The time investment is huge for both faculty members and students, but both sides agree it is time well spent. Engineering faculty member Steve Ezzell says that giving students an exciting taste of real-world experience makes it worthwhile for him. Dave Gary, a 29-year-old sophomore electrical engineering student who spent six years in the Navy as an electrician, says he learned much more from the practical design experience than he ever did in classroom lectures. Projects like this can also teach students to solve problems creatively. TCC, like many community colleges, doesn't have the resources that larger schools do, so team members brought tools from home, shopped for parts locally, and learned to implement designs without expensive equipment.

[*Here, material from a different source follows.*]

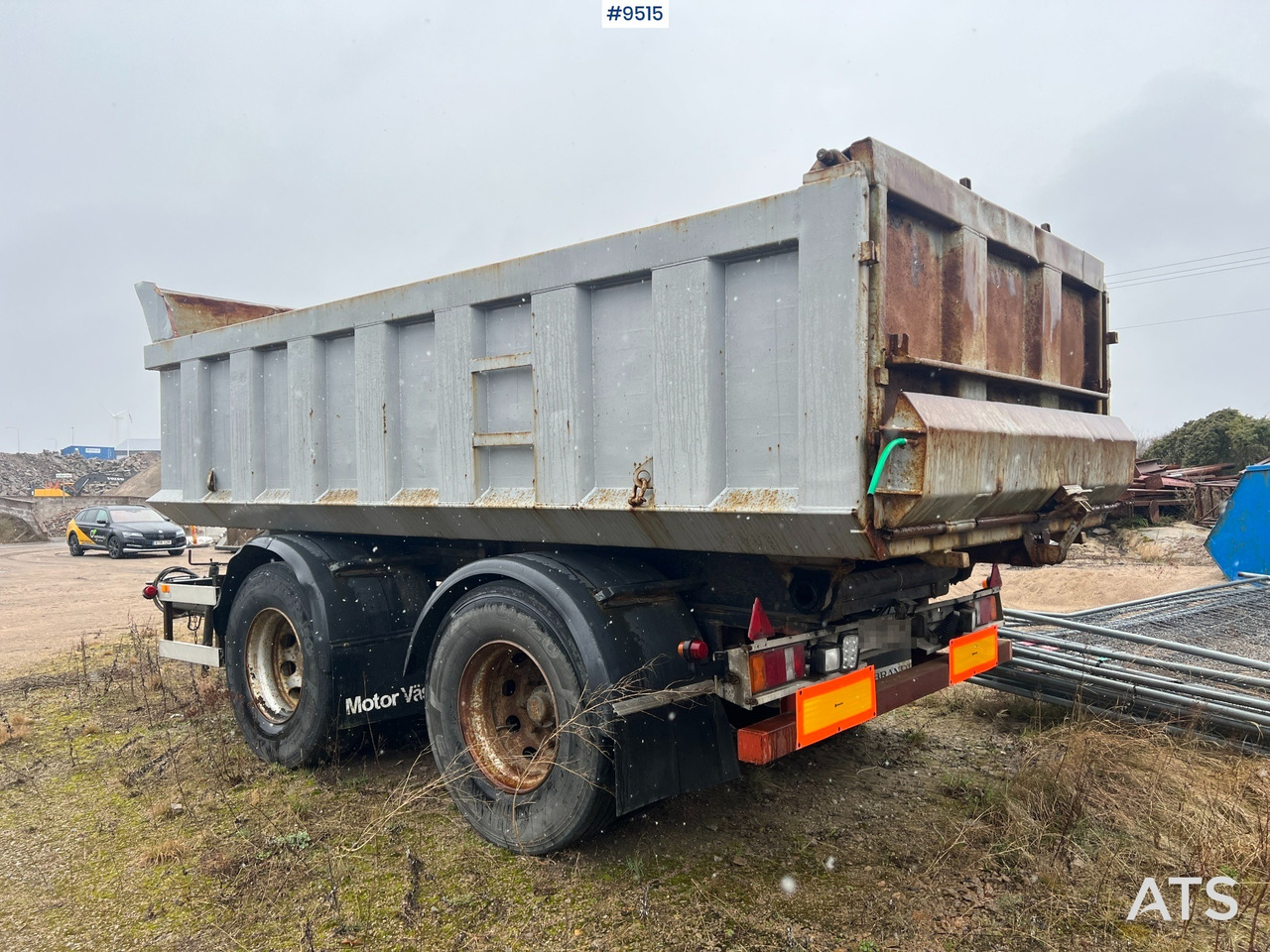Trailer - NOR-SLEP PHV-20T - Tipper trailer: picture 3 Trailer - NOR-SLEP PHV-20T - Tipper trailer: picture 3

After seven months of meeting two to three times per week, team members Walker, Gary, and Doyle, along with two engineering faculty advisors, packed up their gear and headed to St. Louis. The competition began with the design presentations, followed by the speed trials. Walker's confidence showed as she gave a presentation to the judges that included design details, electrical schematics, CAD drawings, a parts cost analysis, and more. But none of the students felt too confident at the speed trials.

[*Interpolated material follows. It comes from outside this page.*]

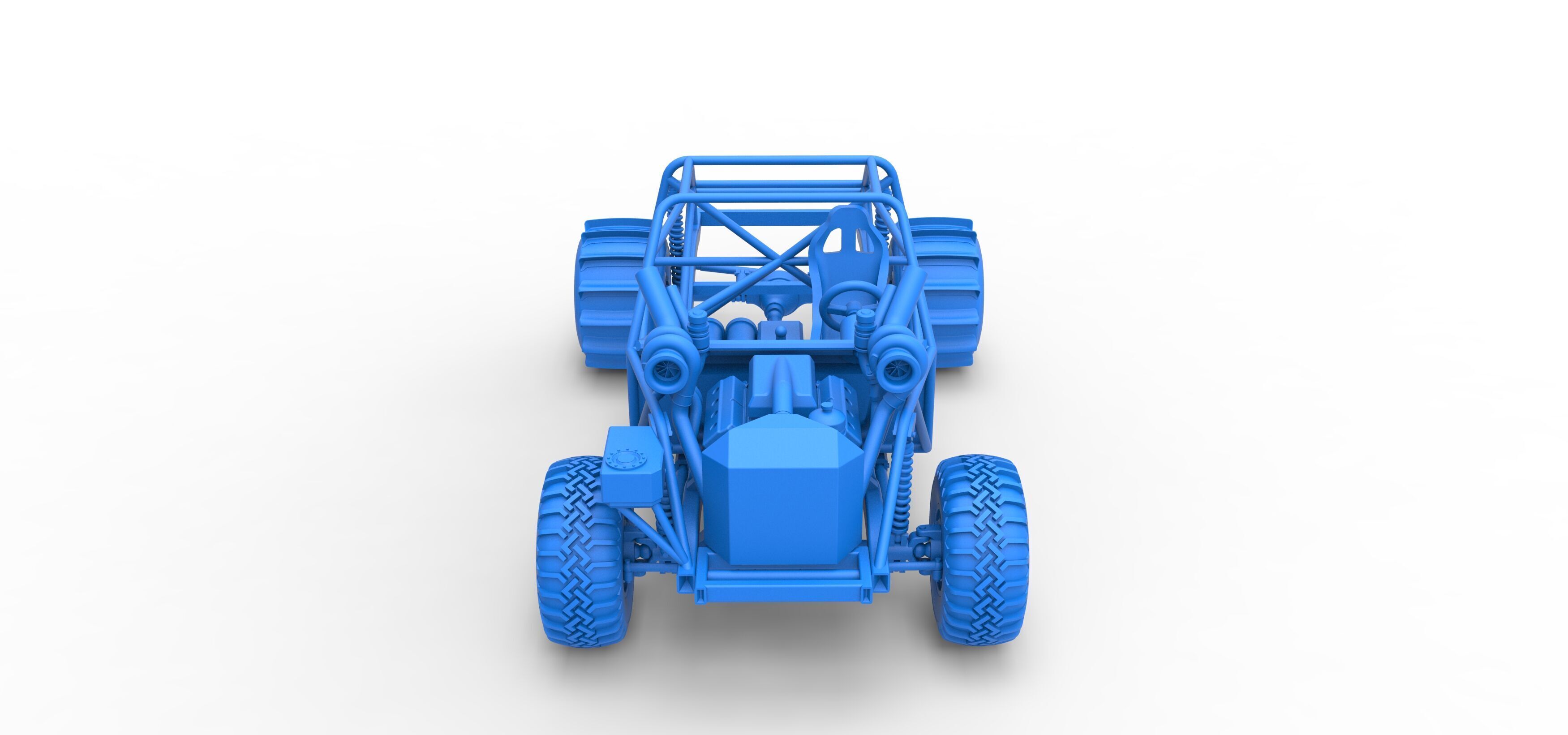 Uphill Sand Racing Dragster Base Version 3 Scale 1 to 25 3D print model_28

Team members held their breath for the 28 seconds it took TCC's winning car to cross the finish line—and then pandemonium broke out. The TCC team—the defending champions from the 1999 competition in Charlotte, N.C.—had won again in St. Louis. As these victories clearly show, even small community colleges can create challenging and rewarding design experiences that get students excited about engineering. To see race videos, pictures, presentations, and rules, see www.tc.cc.va.us/studorgs/vbeng/asee2000.

Paul Gordy is an associate professor of engineering and Norm Doyle is a sophomore computer engineering student at Tidewater Community College.